Pharmacokinetic interactions

Hydroxychloroquine is a weak inhibitor of CYP2D6 and of the P-gp efflux protein, requiring intensified monitoring when used concomitantly with narrow-window drugs having this metabolic pathway: gefitinib, tamoxifen (Table 2C). A few clinically relevant pharmacokinetic drug-interactions are reported with hydroxychloroquine.

Pharmacodynamic interactions, additive adverse effects

Hydroxychloroquine incurs a risk of QT prolongation and torsade de pointe occurrence when associated to other drugs with the same toxicity profile. ECG monitoring is widely established and has to be systematically done in case of certain antineoplastics (see Table 3) such as cabozantinib, ceritinib, crizotinib, nilotinib, osimertinib, vandetanib, vemurafenib, oxaliplatin and arsenic trioxide [84].
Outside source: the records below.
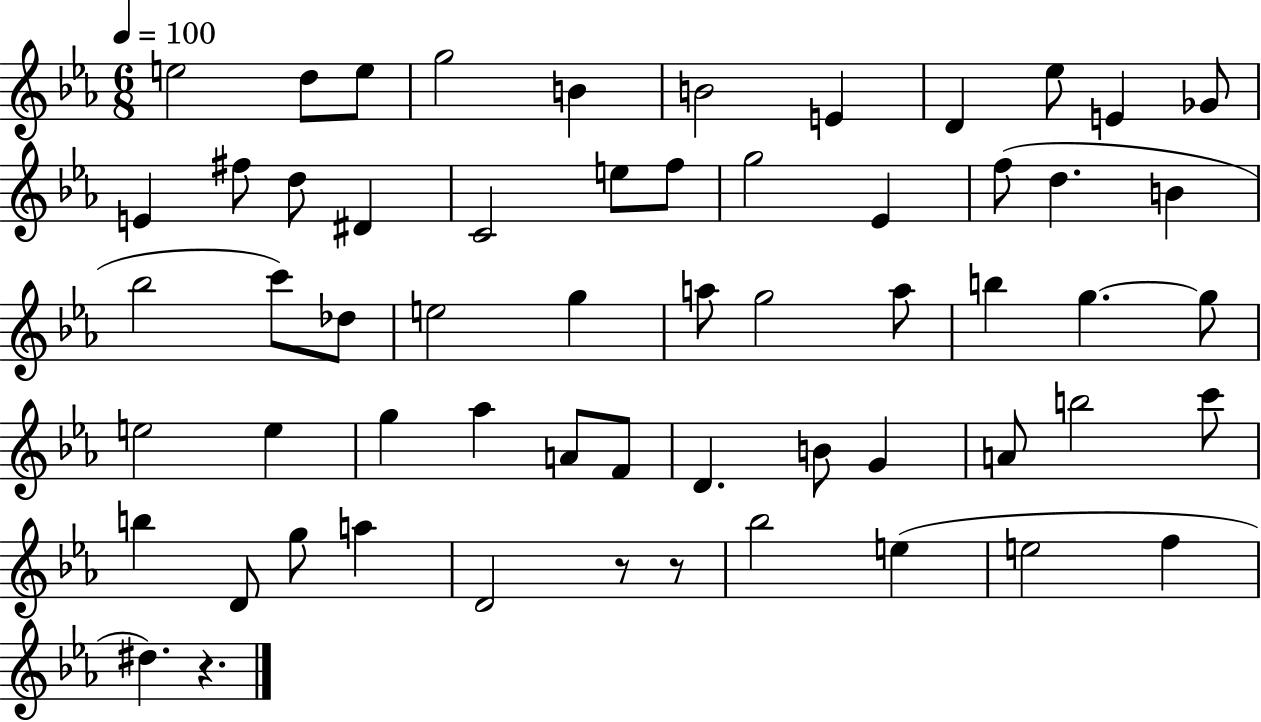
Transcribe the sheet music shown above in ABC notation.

X:1
T:Untitled
M:6/8
L:1/4
K:Eb
e2 d/2 e/2 g2 B B2 E D _e/2 E _G/2 E ^f/2 d/2 ^D C2 e/2 f/2 g2 _E f/2 d B _b2 c'/2 _d/2 e2 g a/2 g2 a/2 b g g/2 e2 e g _a A/2 F/2 D B/2 G A/2 b2 c'/2 b D/2 g/2 a D2 z/2 z/2 _b2 e e2 f ^d z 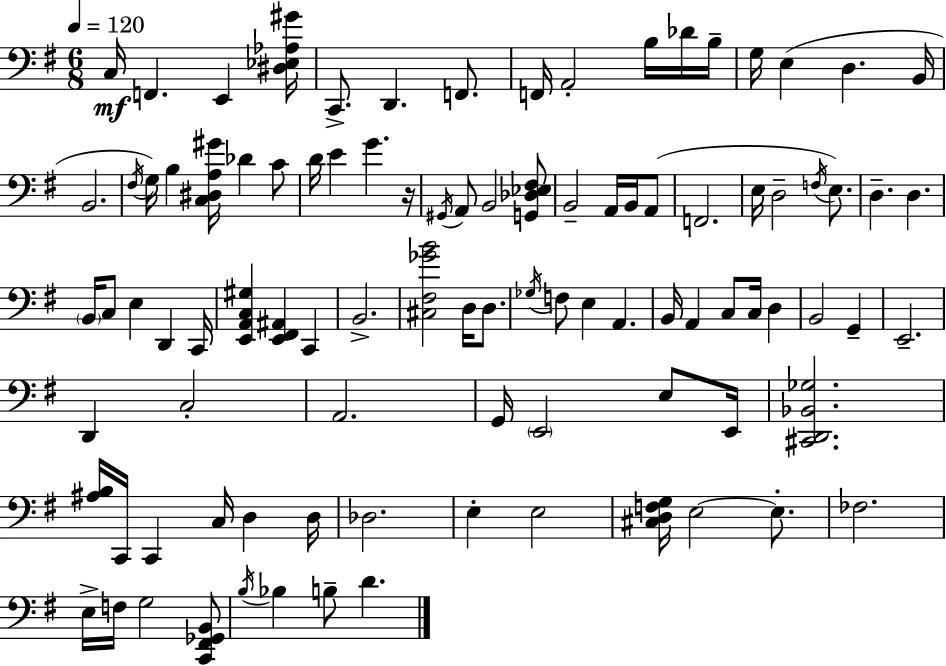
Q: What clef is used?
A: bass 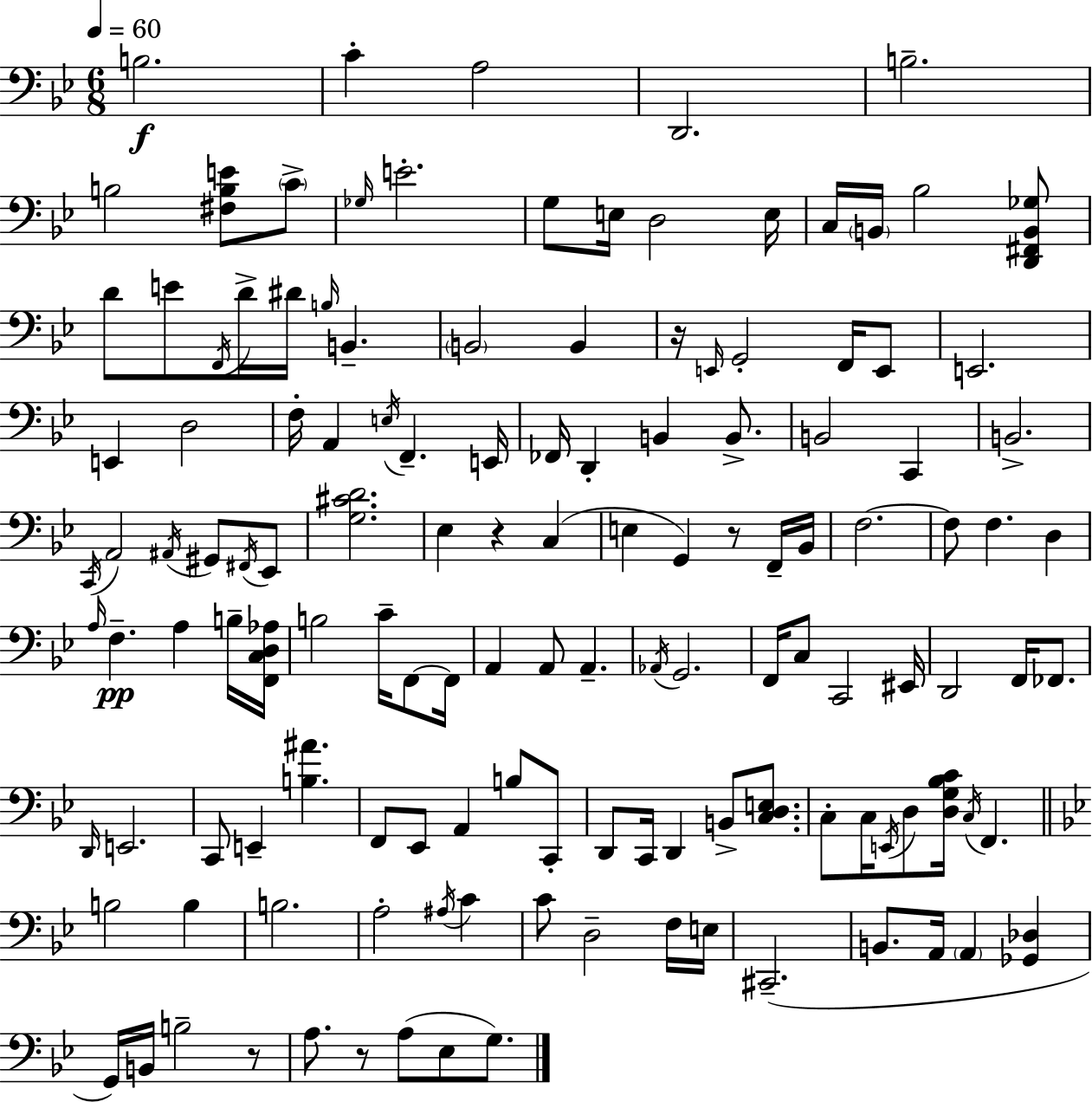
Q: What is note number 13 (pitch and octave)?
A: E3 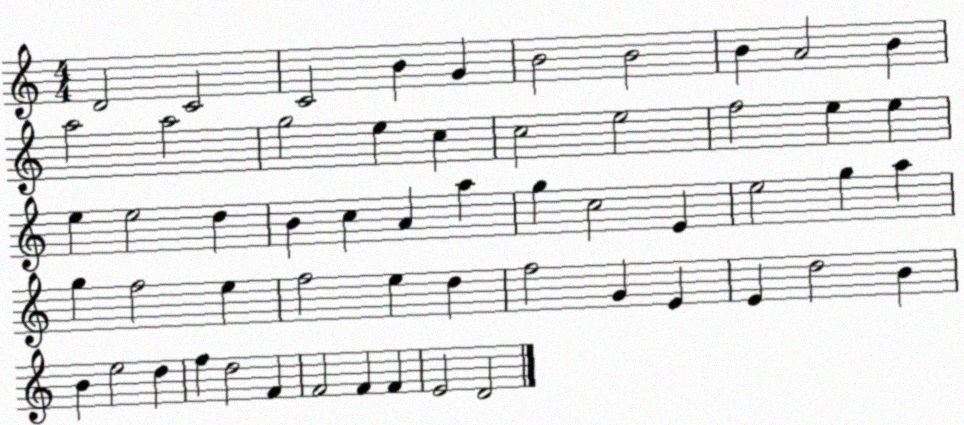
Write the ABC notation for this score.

X:1
T:Untitled
M:4/4
L:1/4
K:C
D2 C2 C2 B G B2 B2 B A2 B a2 a2 g2 e c c2 e2 f2 e e e e2 d B c A a g c2 E e2 g a g f2 e f2 e d f2 G E E d2 B B e2 d f d2 F F2 F F E2 D2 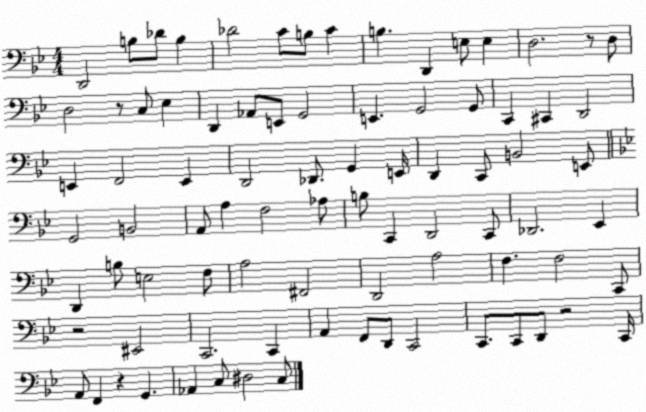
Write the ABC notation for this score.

X:1
T:Untitled
M:4/4
L:1/4
K:Bb
D,,2 B,/2 _D/2 B, _D2 C/2 B,/2 C B, D,, E,/2 E, D,2 z/2 D,/2 D,2 z/2 C,/2 _E, D,, _A,,/2 E,,/2 G,,2 E,, G,,2 G,,/2 C,, ^C,, D,,2 E,, F,,2 E,, D,,2 _D,,/2 G,, E,,/4 D,, C,,/2 B,,2 E,,/2 G,,2 B,,2 A,,/2 A, F,2 _A,/2 B,/2 C,, D,,2 C,,/2 _D,,2 _E,, D,, B,/2 E,2 F,/2 A,2 ^F,,2 D,,2 A,2 F, F,2 C,,/2 z2 ^E,,2 C,,2 C,, A,, F,,/2 D,,/2 C,,2 C,,/2 C,,/2 D,,/2 z2 C,,/4 A,,/2 F,, z G,, _A,, C,/2 ^D,2 C,/2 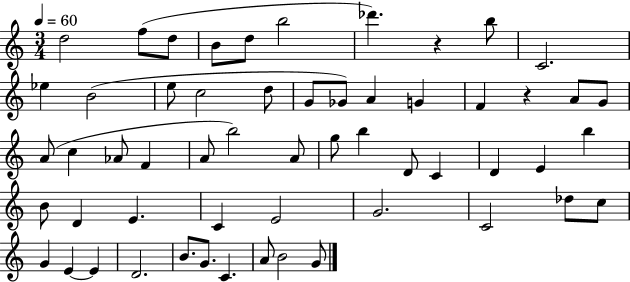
D5/h F5/e D5/e B4/e D5/e B5/h Db6/q. R/q B5/e C4/h. Eb5/q B4/h E5/e C5/h D5/e G4/e Gb4/e A4/q G4/q F4/q R/q A4/e G4/e A4/e C5/q Ab4/e F4/q A4/e B5/h A4/e G5/e B5/q D4/e C4/q D4/q E4/q B5/q B4/e D4/q E4/q. C4/q E4/h G4/h. C4/h Db5/e C5/e G4/q E4/q E4/q D4/h. B4/e. G4/e. C4/q. A4/e B4/h G4/e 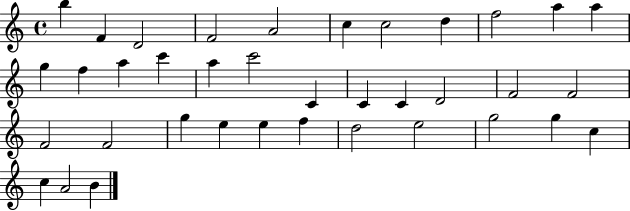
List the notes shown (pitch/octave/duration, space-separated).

B5/q F4/q D4/h F4/h A4/h C5/q C5/h D5/q F5/h A5/q A5/q G5/q F5/q A5/q C6/q A5/q C6/h C4/q C4/q C4/q D4/h F4/h F4/h F4/h F4/h G5/q E5/q E5/q F5/q D5/h E5/h G5/h G5/q C5/q C5/q A4/h B4/q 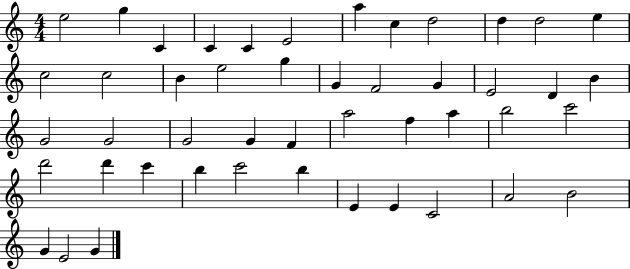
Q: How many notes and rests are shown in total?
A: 47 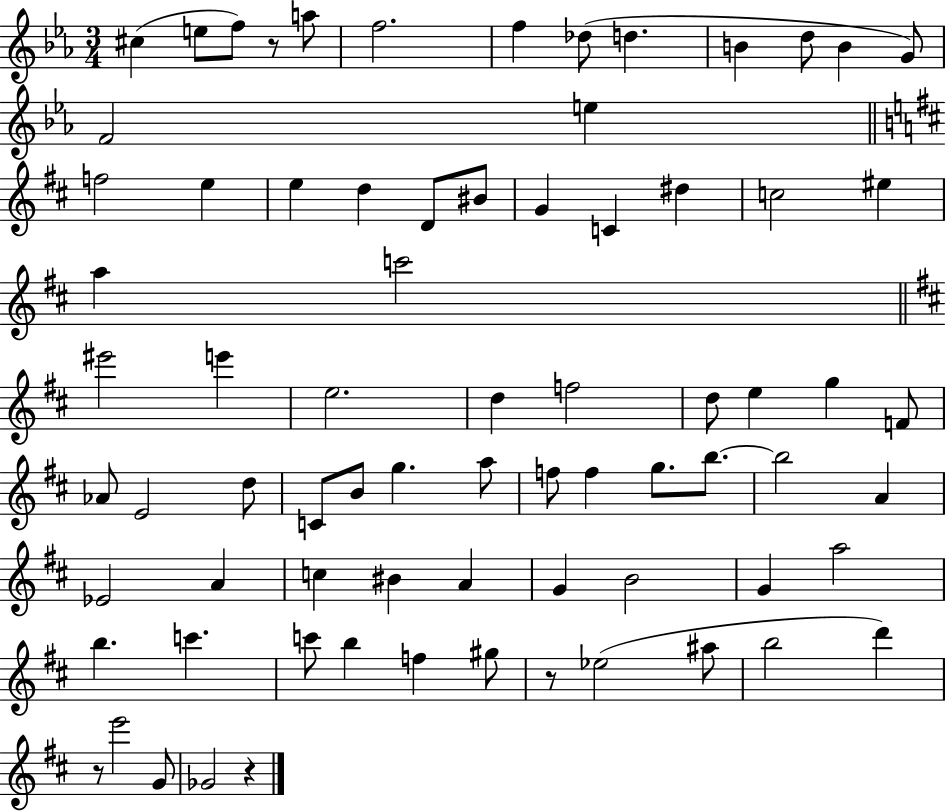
{
  \clef treble
  \numericTimeSignature
  \time 3/4
  \key ees \major
  \repeat volta 2 { cis''4( e''8 f''8) r8 a''8 | f''2. | f''4 des''8( d''4. | b'4 d''8 b'4 g'8) | \break f'2 e''4 | \bar "||" \break \key d \major f''2 e''4 | e''4 d''4 d'8 bis'8 | g'4 c'4 dis''4 | c''2 eis''4 | \break a''4 c'''2 | \bar "||" \break \key d \major eis'''2 e'''4 | e''2. | d''4 f''2 | d''8 e''4 g''4 f'8 | \break aes'8 e'2 d''8 | c'8 b'8 g''4. a''8 | f''8 f''4 g''8. b''8.~~ | b''2 a'4 | \break ees'2 a'4 | c''4 bis'4 a'4 | g'4 b'2 | g'4 a''2 | \break b''4. c'''4. | c'''8 b''4 f''4 gis''8 | r8 ees''2( ais''8 | b''2 d'''4) | \break r8 e'''2 g'8 | ges'2 r4 | } \bar "|."
}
Attention should also be paid to support treatments. Risk of torsade de pointe contraindicates association to ondansetron (>8mg) or domperidone (replace by metomimazine). Antidepressants such as (es)citalopram widely prescribed for cancer patients are likewise contraindicated [85]. All torsade de pointe risks such as hypokalemia (with corticosteroids, cisplatin or other drug when associated with digestive disorders) and bradycardia (e.g., with thalidomide) should also be taken into account.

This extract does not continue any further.